O quanto esse projeto é importante para a televisão brasileira? E para vocês, pessoalmente falando?
Acho difícil separar as importâncias, pois acredito que tanto para a gente quanto para a comunicação é muito importante que exista nossos corpos na televisão, protagonizando, criando novos imaginários, novas possibilidades. E não só na TV, como também em outros meios de comunicação, de produção de conteúdo, nas grandes empresas.
O que vocês estão achando das polêmicas envolvendo o governo federal, entre elas a suspensão do edital que previa incentivos para séries sobre diversidade para a televisão brasileira?
Eu acredito que a evolução e retrocesso andam juntos, quando estamos caminhando para uma sociedade com avanços e conquistas em prol da diversidade, a repressão caminha junto.
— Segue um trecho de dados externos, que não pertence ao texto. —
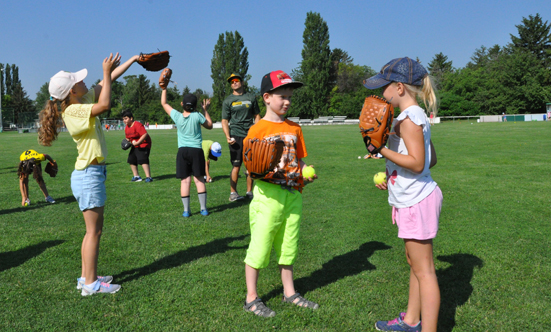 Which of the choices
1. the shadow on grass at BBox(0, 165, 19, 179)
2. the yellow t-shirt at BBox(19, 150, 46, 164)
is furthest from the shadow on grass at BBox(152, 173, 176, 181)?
the shadow on grass at BBox(0, 165, 19, 179)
Por medo de perder seus privilégios e acessos? Receios ainda mais retroativos? Não sei exatamente. Mas sei que vivemos em um país sem memória e que cada vez mais quer voltar aos primórdios e reflexos de um passado manipulador, que exclui e segrega. A década de 70 foi boa pra quem? Ah.
TransMissão vai continuar?
Ainda não sabemos, mas estamos na expectativa! Libera a segunda temporada, chefe.